Caption-style text data:
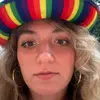 @Kayleigh_Farrell - @kayleighf7373 - TikTok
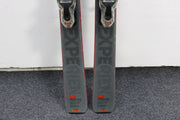 Rossignol Experience 76 LTD (2023) - 160 cm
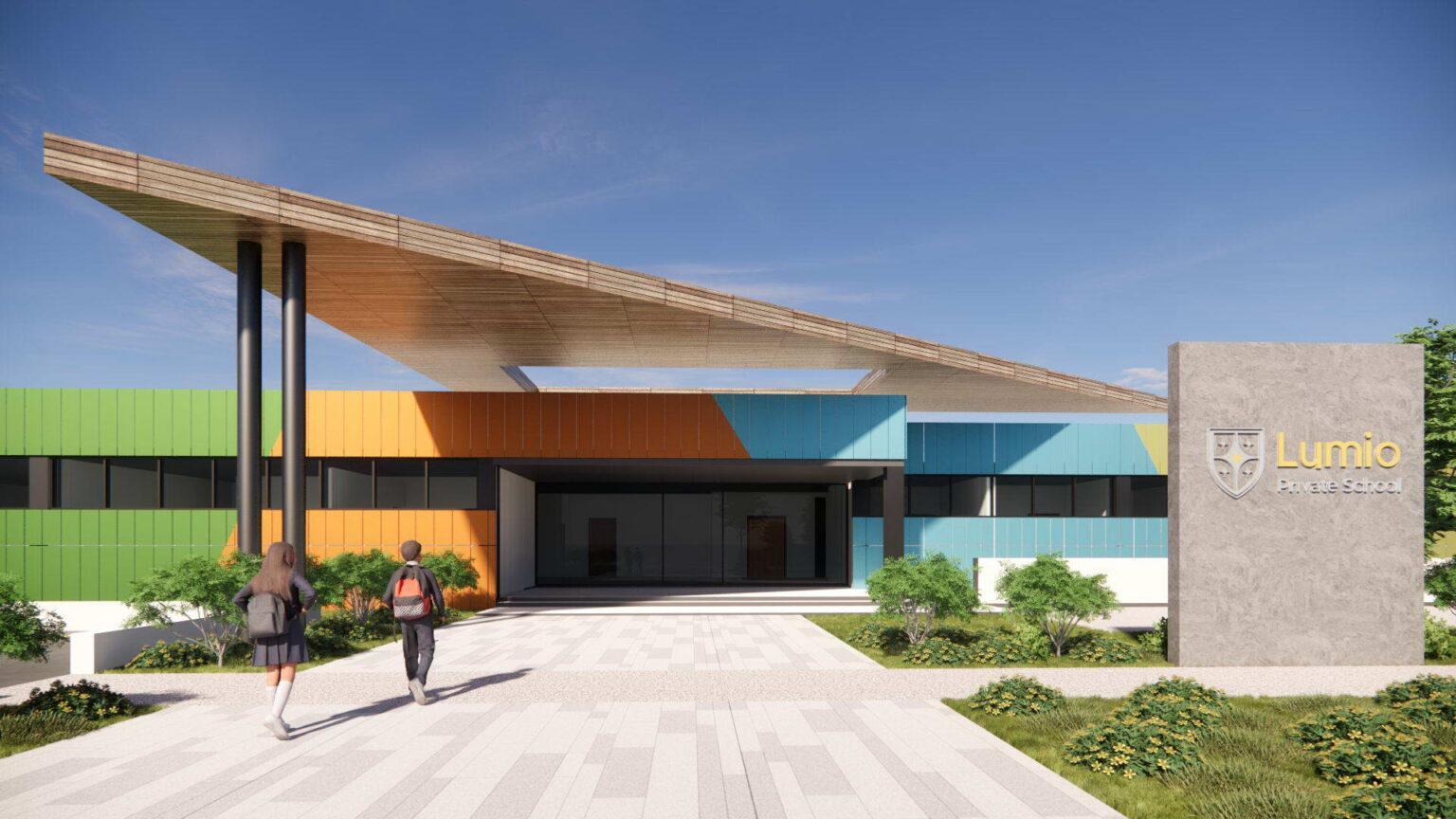 Фото 12 Фото 12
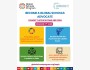 Программе Global Schools Advocates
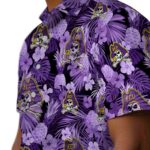 east-carolina-pirates-floral-pineapple-purple-hawaiian-shirt-best-selling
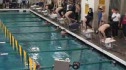 m international 50 scm free prelim h2 d2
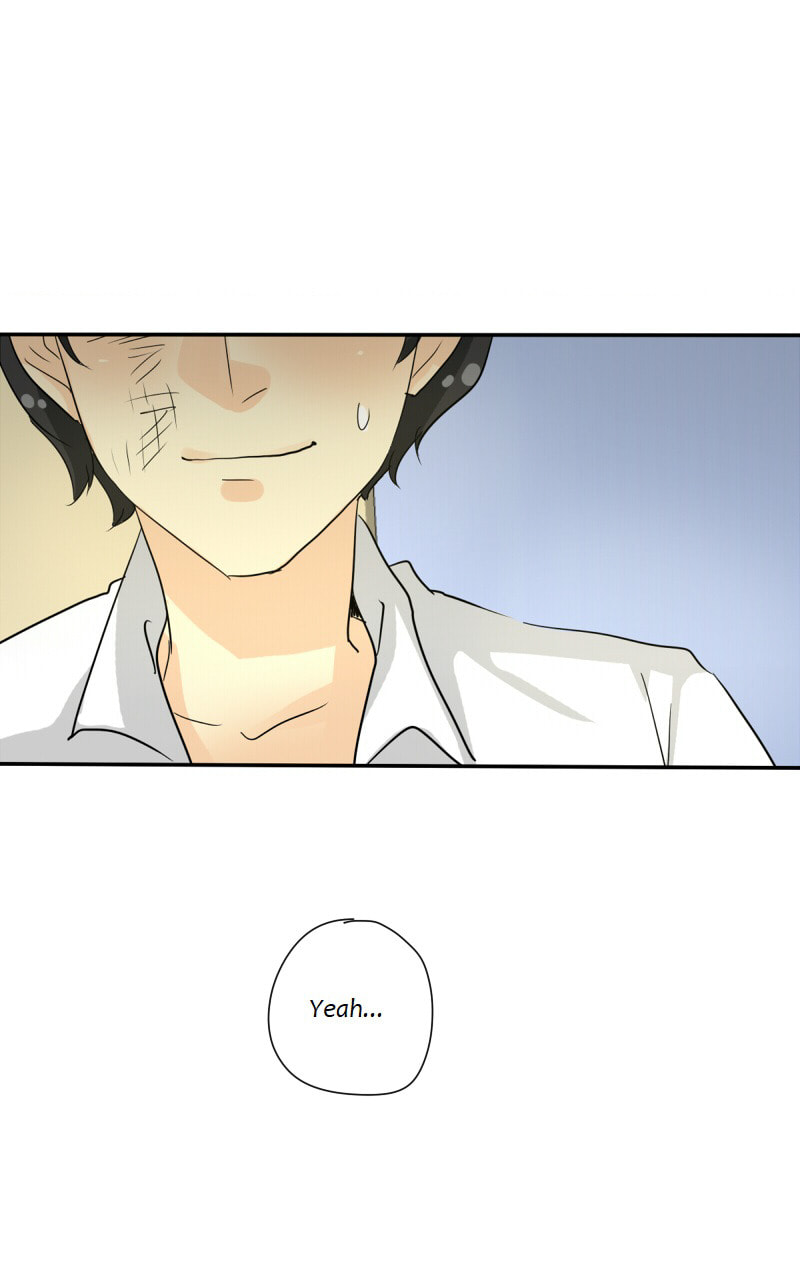 Read Ordinary± chapter 102 image 88 on Lezhin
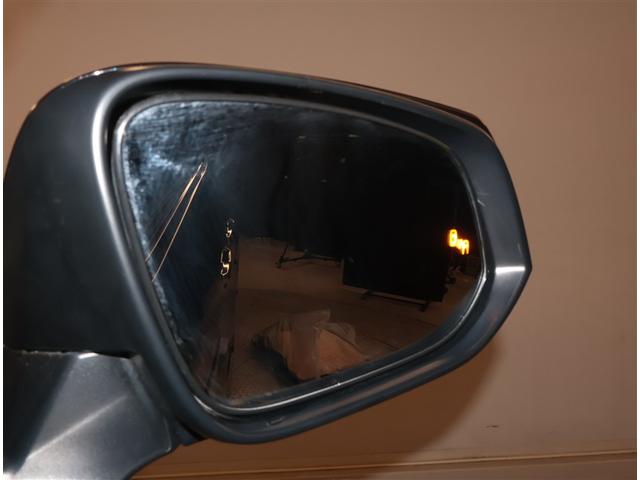 アルファード ２．５Ｓ　タイプゴールドＩＩＩ　ＬＥＤヘッドランプ　ＤＶＤ再生　フルセグ　メモリーナビ　３列シート　衝突被害軽減システム　バックカメラ　両側パワースライドドア　ＥＴＣ　ミュージックプレイヤー接続可　４ＷＤ　スマートキー（21枚目）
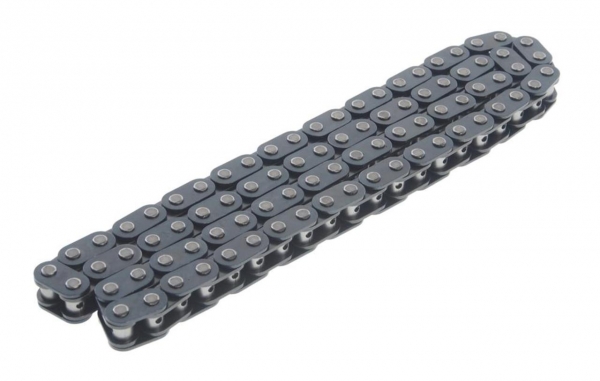 : 4982040 0004128   -3302 .CUMMINS ISF 2.8 FCEC (, ,,,,, , NEXT, NEXT) tolyatti.zp495.ru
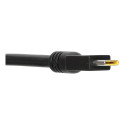 D Targus USB-C 100W PD laadija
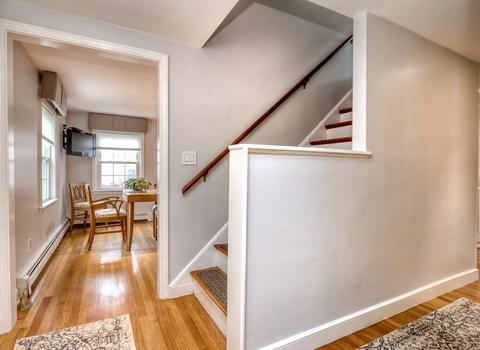 23 Beech St, Dedham, MA 02026 photo 12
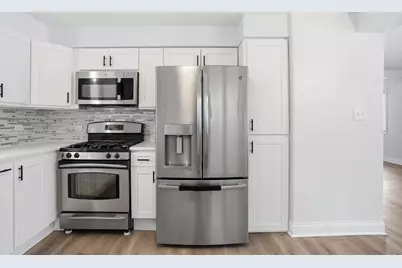 3645 177th Place, Lansing, IL 60438 - Photo 11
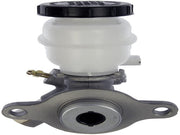 Brake Master Cylinder Dorman-First Stop M390001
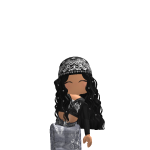 @reniqueen2009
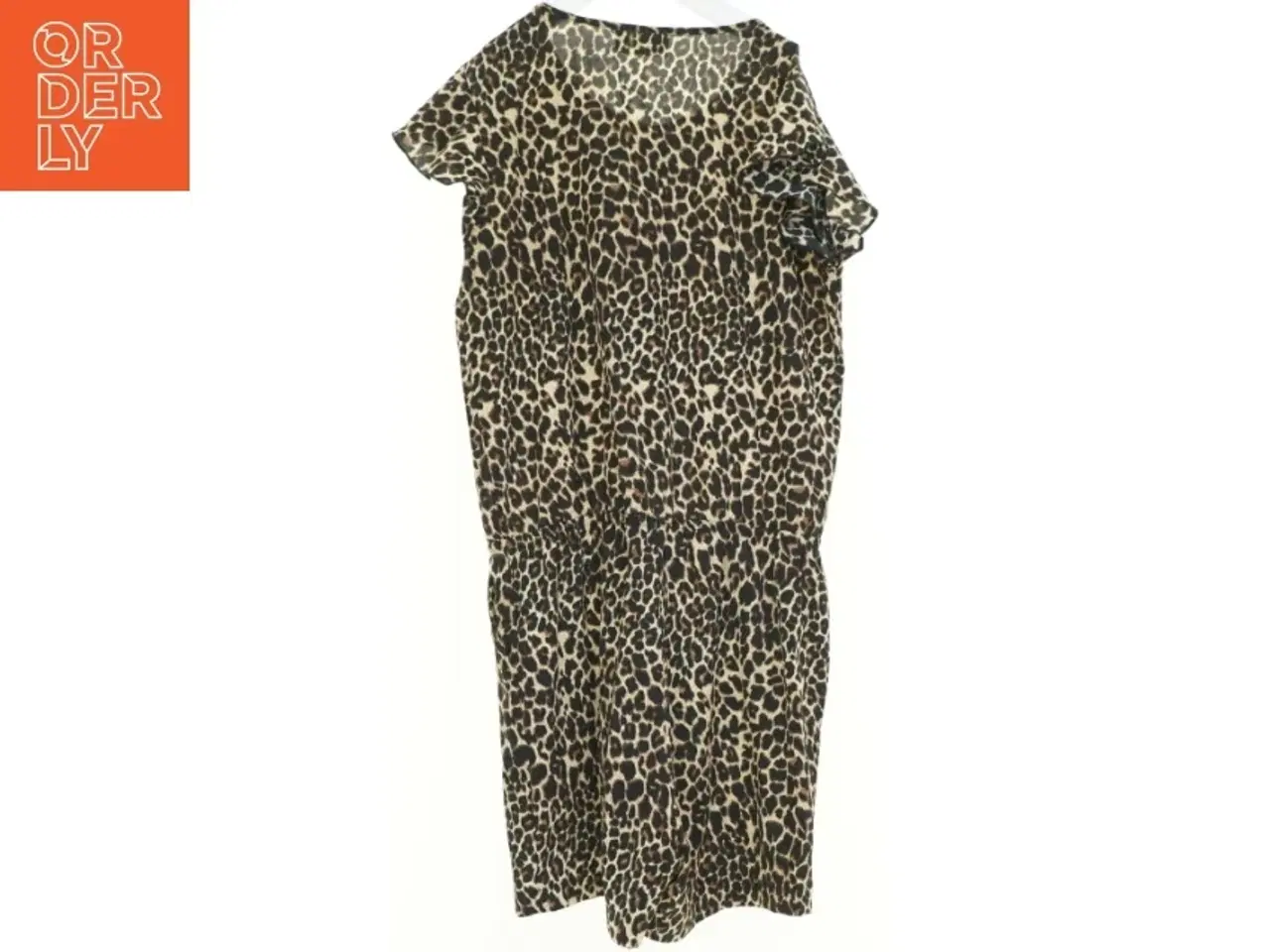 Billede 2 - Buksedragt fra Name It (str. 152 cm)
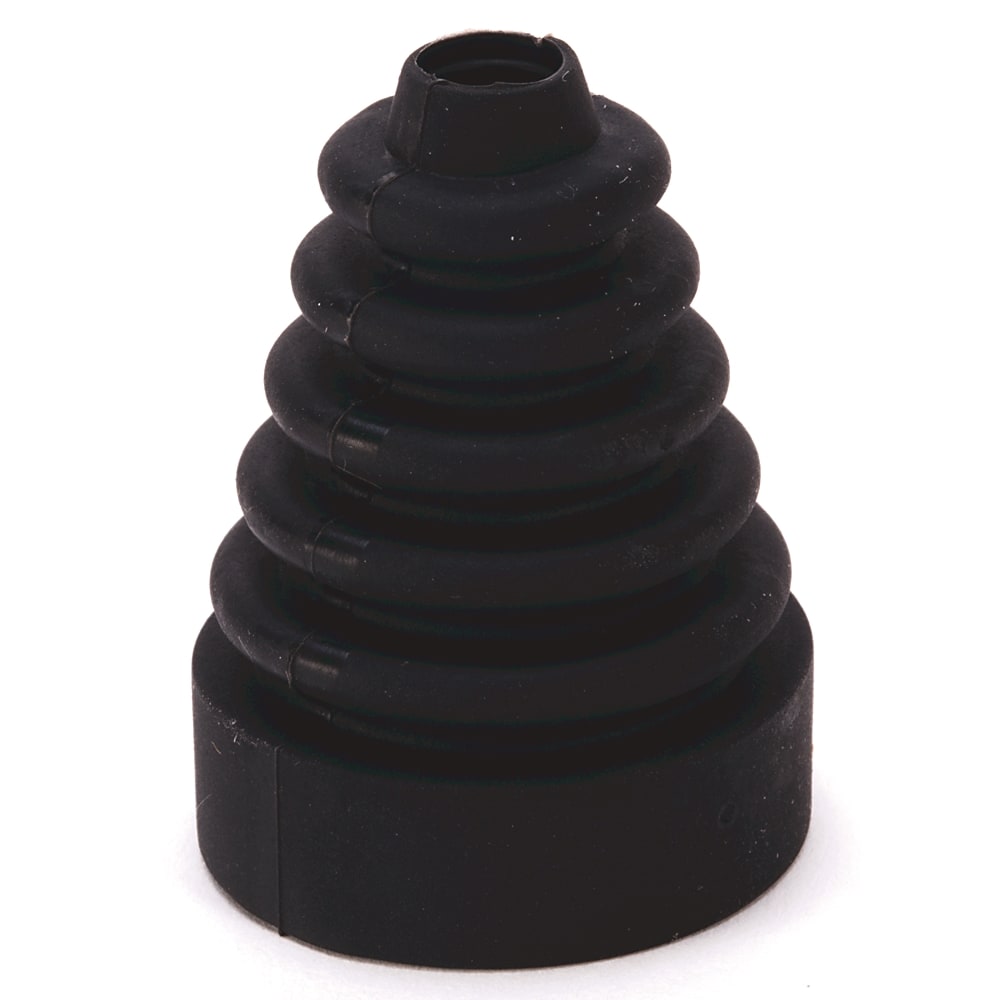 ROCKWELL AUTOMATION - RCK800F-ABJS PROTEZIONE AGGIUNTIVA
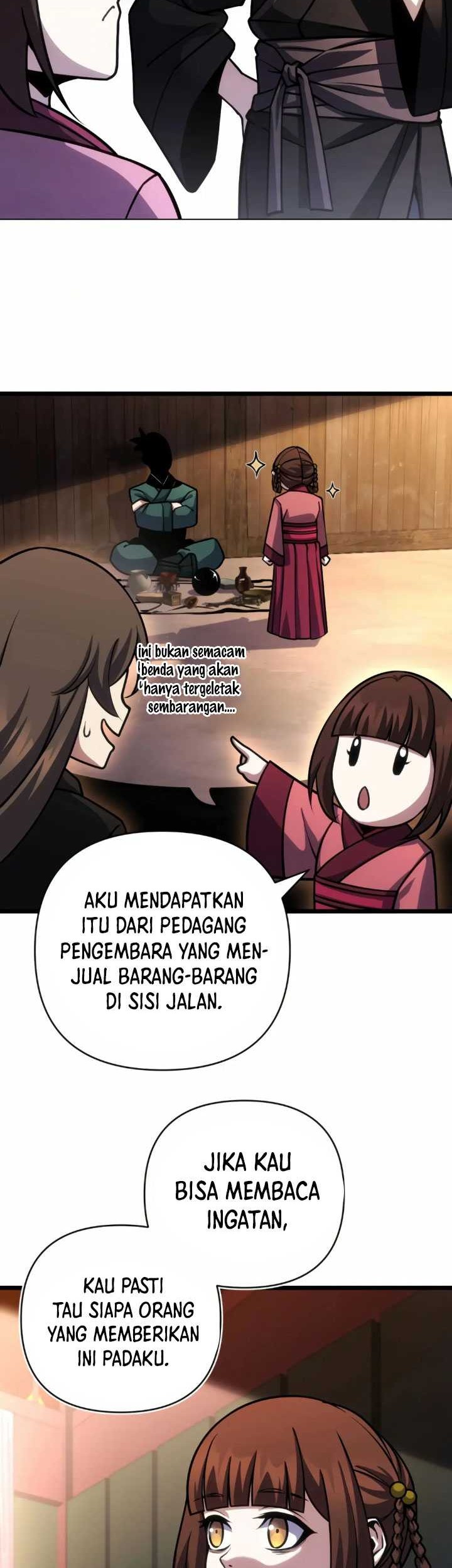 Chapter 11 - halaman 51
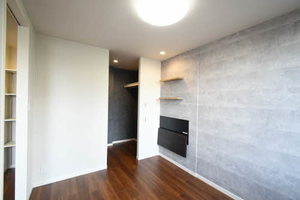 クレードルＭａｙ A103号-9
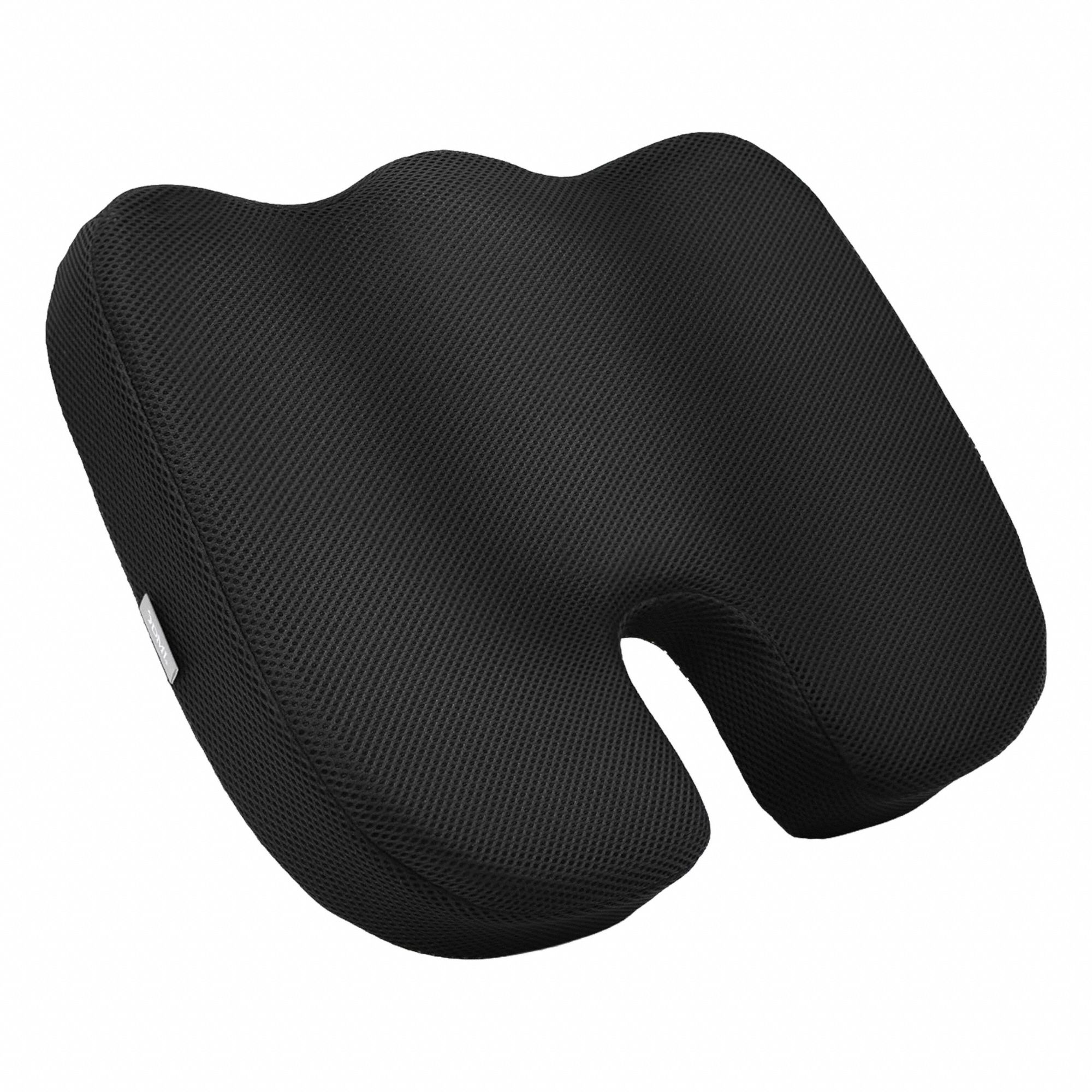 Seat Cushion Foam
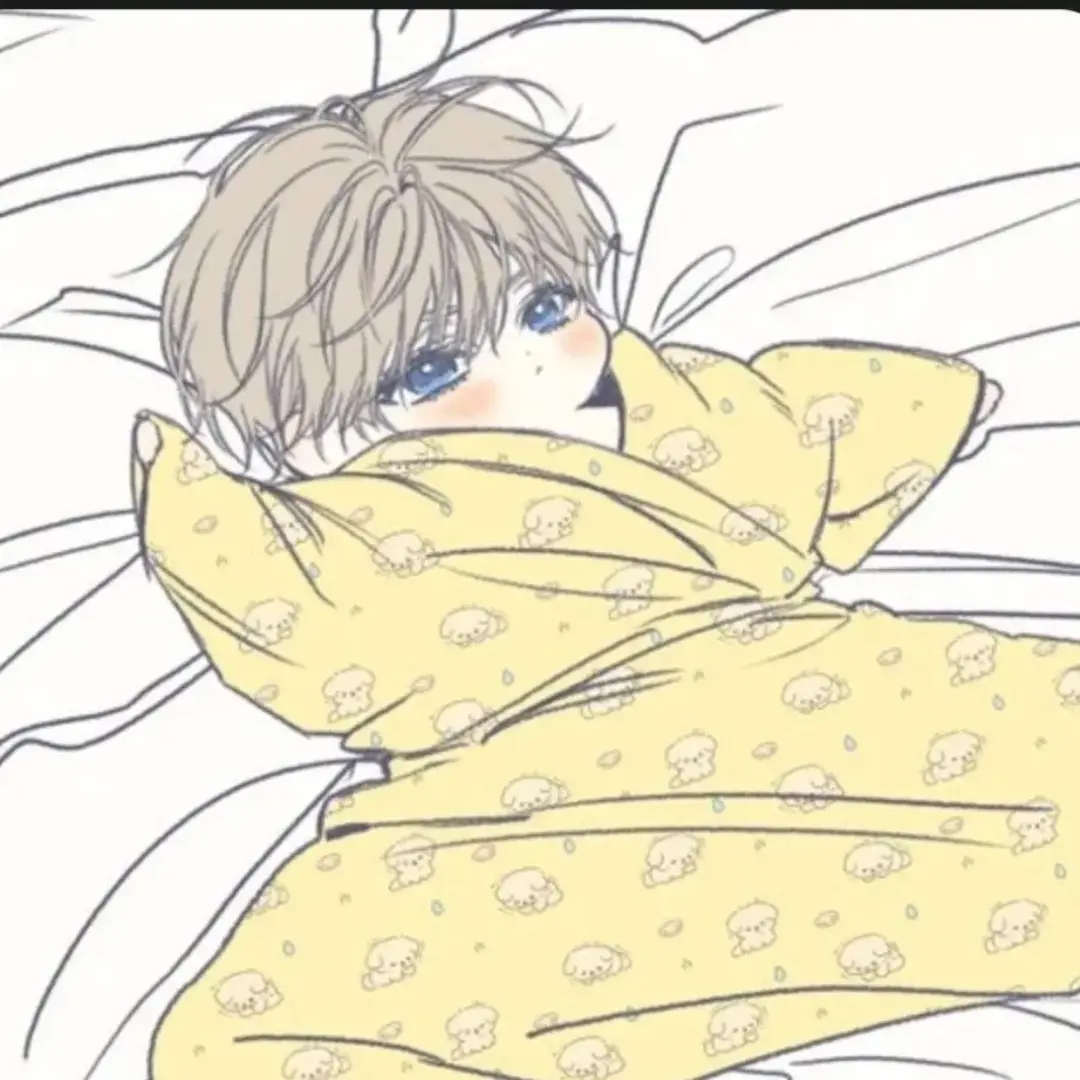 danaxdh의 서빈온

ASSIGNMENT:
Give again, word for word, the line containing "Billede 2 - Buksedragt" and every line after it to the end of the records; leave out the pictures.

EXERCISE OUTPUT:
 Billede 2 - Buksedragt fra Name It (str. 152 cm)
 ROCKWELL AUTOMATION - RCK800F-ABJS PROTEZIONE AGGIUNTIVA
 Chapter 11 - halaman 51
 クレードルＭａｙ A103号-9
 Seat Cushion Foam
 danaxdh의 서빈온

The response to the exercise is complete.